(Image-caption web data)
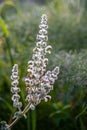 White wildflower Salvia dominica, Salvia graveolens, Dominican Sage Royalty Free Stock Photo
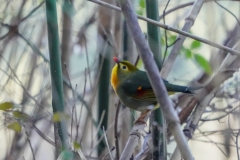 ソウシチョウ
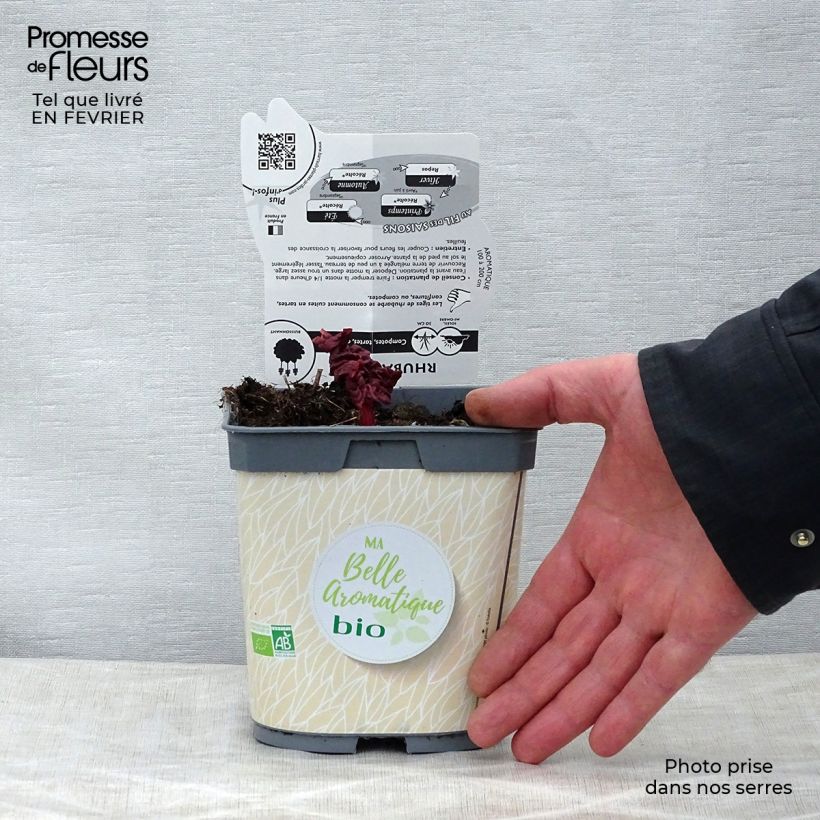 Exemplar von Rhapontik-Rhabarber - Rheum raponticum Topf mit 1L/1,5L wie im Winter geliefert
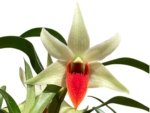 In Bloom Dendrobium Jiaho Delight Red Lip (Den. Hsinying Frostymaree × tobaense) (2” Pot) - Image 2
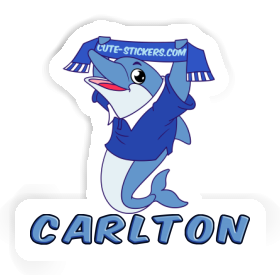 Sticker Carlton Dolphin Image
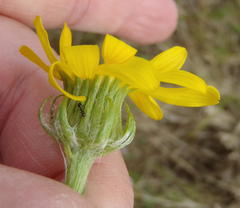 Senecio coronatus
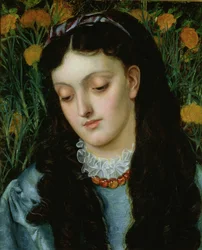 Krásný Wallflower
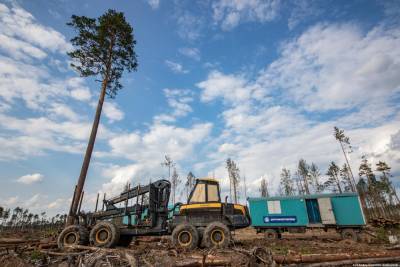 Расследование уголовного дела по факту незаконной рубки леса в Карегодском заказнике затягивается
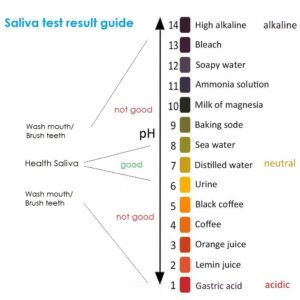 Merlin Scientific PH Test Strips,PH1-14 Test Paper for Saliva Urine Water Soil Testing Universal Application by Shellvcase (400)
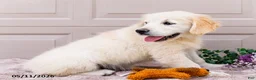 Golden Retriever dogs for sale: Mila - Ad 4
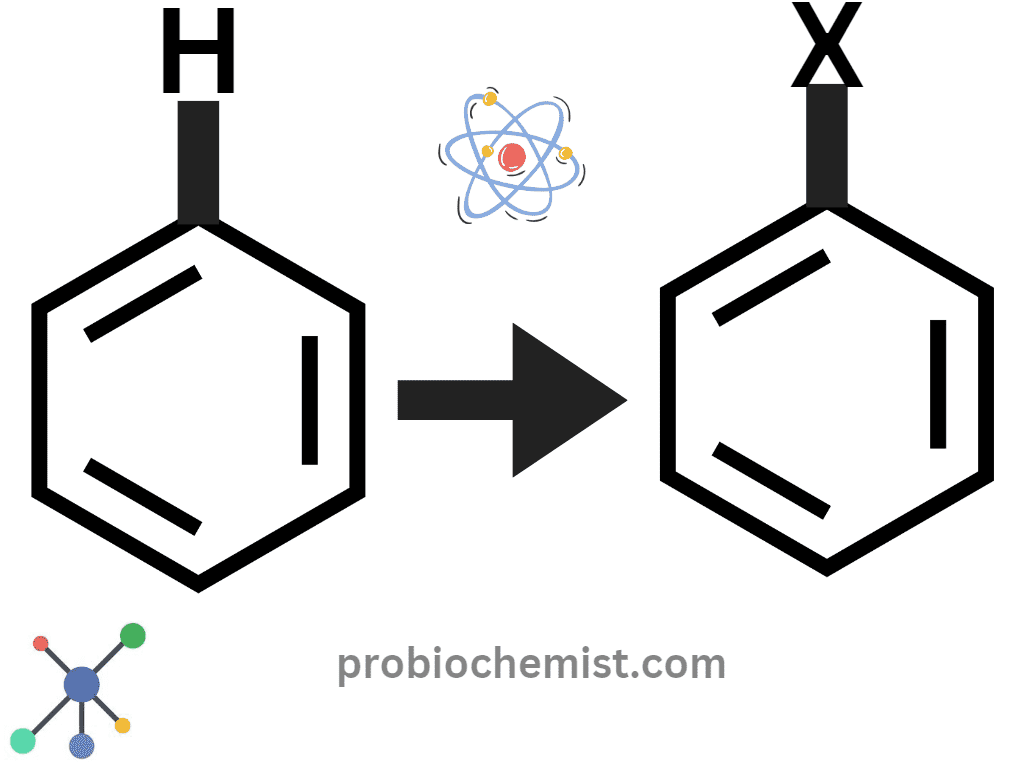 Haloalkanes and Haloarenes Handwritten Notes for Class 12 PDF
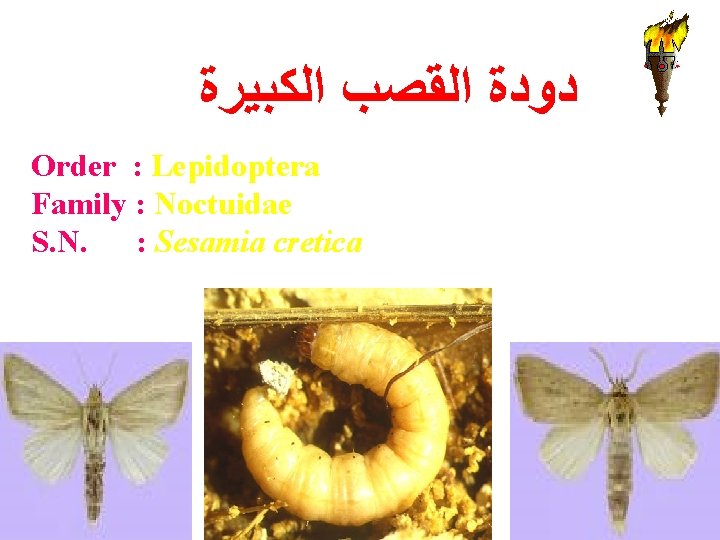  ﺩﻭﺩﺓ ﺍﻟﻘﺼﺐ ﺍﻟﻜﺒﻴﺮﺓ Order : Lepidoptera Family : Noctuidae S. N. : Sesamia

#### Instructions for the task
Pictures are not part of the copy. Return every record exactly.

#### Problem solution
 White wildflower Salvia dominica, Salvia graveolens, Dominican Sage Royalty Free Stock Photo
 ソウシチョウ
 Exemplar von Rhapontik-Rhabarber - Rheum raponticum Topf mit 1L/1,5L wie im Winter geliefert
 In Bloom Dendrobium Jiaho Delight Red Lip (Den. Hsinying Frostymaree × tobaense) (2” Pot) - Image 2
 Sticker Carlton Dolphin Image
 Senecio coronatus
 Krásný Wallflower
 Расследование уголовного дела по факту незаконной рубки леса в Карегодском заказнике затягивается
 Merlin Scientific PH Test Strips,PH1-14 Test Paper for Saliva Urine Water Soil Testing Universal Application by Shellvcase (400)
 Golden Retriever dogs for sale: Mila - Ad 4
 Haloalkanes and Haloarenes Handwritten Notes for Class 12 PDF
  ﺩﻭﺩﺓ ﺍﻟﻘﺼﺐ ﺍﻟﻜﺒﻴﺮﺓ Order : Lepidoptera Family : Noctuidae S. N. : Sesamia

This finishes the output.